Please give the lines below again exactly as they stand, from the one that contains "фото отеля Gite La Vue Royale View B&B" up to and including the one that contains "Rohan is single in Atlanta, GA USA", leaving all pictures out.

EXERCISE MATERIAL ::
'''

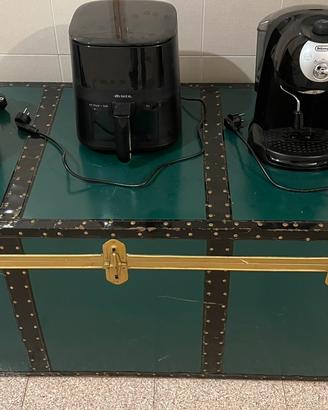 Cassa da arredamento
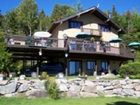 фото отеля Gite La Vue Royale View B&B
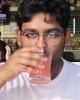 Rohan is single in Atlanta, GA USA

'''
'''

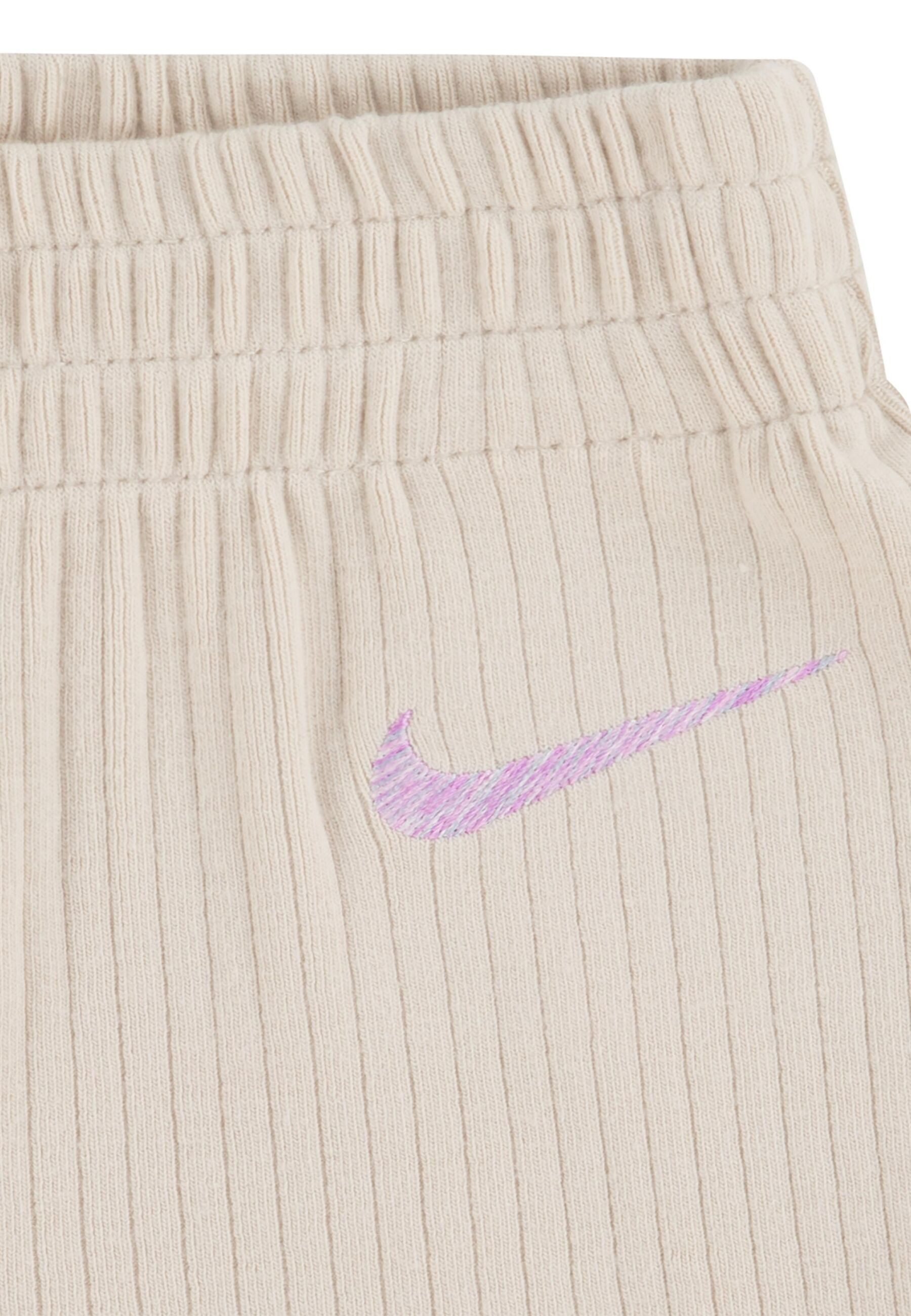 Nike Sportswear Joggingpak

'''

OUTPUT OF THE TASK ::
 фото отеля Gite La Vue Royale View B&B
 Rohan is single in Atlanta, GA USA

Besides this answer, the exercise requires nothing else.